Data excerpts:
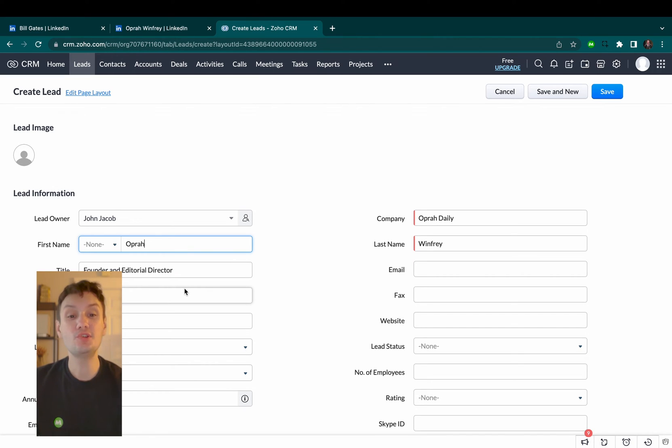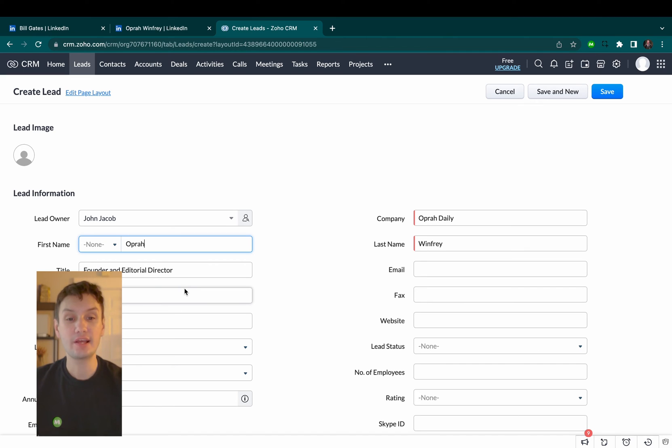You can do this using any LinkedIn profile to really speed up adding candidates into your CRM. Check out the Magical website for more details.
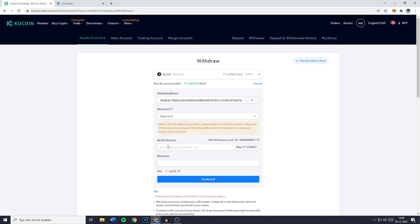Now the next thing you need to fill in is the Algorand amount or the other coin amount. You can also click on max to select all of your available holdings. And once you've done that the last and final thing you need to do to transfer your coins from KuCoin to Coinbase is to click on confirm.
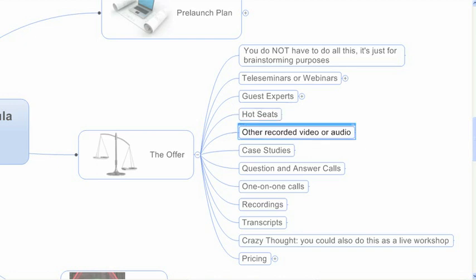You could supplement your offer, your teleseminars or webinars with additional recorded video or audio that could be bonuses. You could do case studies. The difference between a case study and a hot seat is a hot seat is before the fact and a case study is after the fact. So someone can show what they did and the results they got and then everyone can learn from what they did and their results.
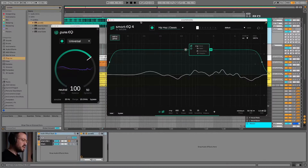Ciao, welcome to Beatspot. I'm Marco and this video is sponsored by Sony Bubble, and I'm reviewing two of their plugins: PureEQ and SmartEQ 4. So let's dive into it.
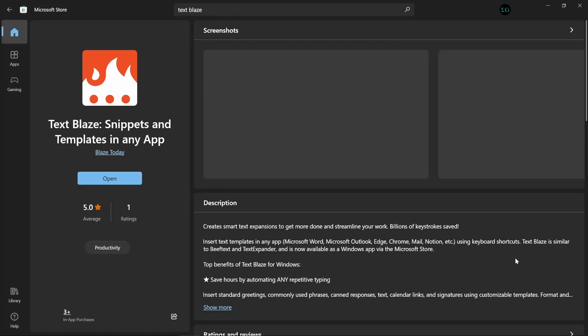In this video, I'll show you how to get started with TextBlaze for Windows. First, visit the link in the description to install the app from the Microsoft Store.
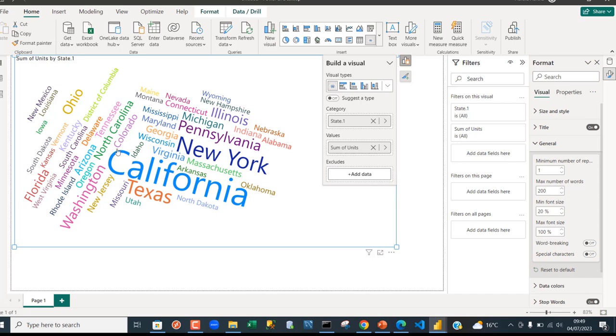Basically how we can correctly create word cloud visual in Power BI. I hope you enjoyed this video. If you do you can like, comment, share and subscribe to this channel. Thank you and bye for now.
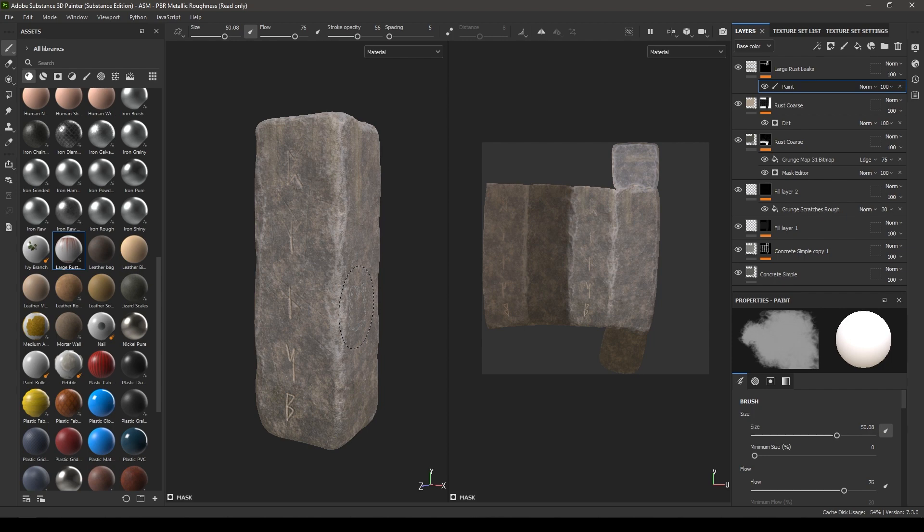And now the rock texturing is done! That's it for today — I hope you enjoyed this video. If you did, make sure to like this video and subscribe to the channel if you are new. I'll see you in the next video with a new tutorial.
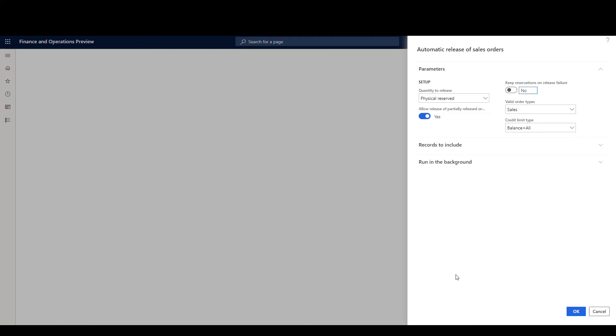What's going to happen is if this job runs, an order will be selected, items will be reserved, and then let's say it doesn't meet the fulfillment policy, for example, and it's not actually released. Then it will release those inventory reservations so those inventory items can be used for another order.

Work instruction> The records above are to be reproduced exactly; the pictures are to be left out.

Result of the exercise>
You can do this using any LinkedIn profile to really speed up adding candidates into your CRM. Check out the Magical website for more details.
Now the next thing you need to fill in is the Algorand amount or the other coin amount. You can also click on max to select all of your available holdings. And once you've done that the last and final thing you need to do to transfer your coins from KuCoin to Coinbase is to click on confirm.
You could supplement your offer, your teleseminars or webinars with additional recorded video or audio that could be bonuses. You could do case studies. The difference between a case study and a hot seat is a hot seat is before the fact and a case study is after the fact. So someone can show what they did and the results they got and then everyone can learn from what they did and their results.
Ciao, welcome to Beatspot. I'm Marco and this video is sponsored by Sony Bubble, and I'm reviewing two of their plugins: PureEQ and SmartEQ 4. So let's dive into it.
In this video, I'll show you how to get started with TextBlaze for Windows. First, visit the link in the description to install the app from the Microsoft Store.
Basically how we can correctly create word cloud visual in Power BI. I hope you enjoyed this video. If you do you can like, comment, share and subscribe to this channel. Thank you and bye for now.
And now the rock texturing is done! That's it for today — I hope you enjoyed this video. If you did, make sure to like this video and subscribe to the channel if you are new. I'll see you in the next video with a new tutorial.
What's going to happen is if this job runs, an order will be selected, items will be reserved, and then let's say it doesn't meet the fulfillment policy, for example, and it's not actually released. Then it will release those inventory reservations so those inventory items can be used for another order.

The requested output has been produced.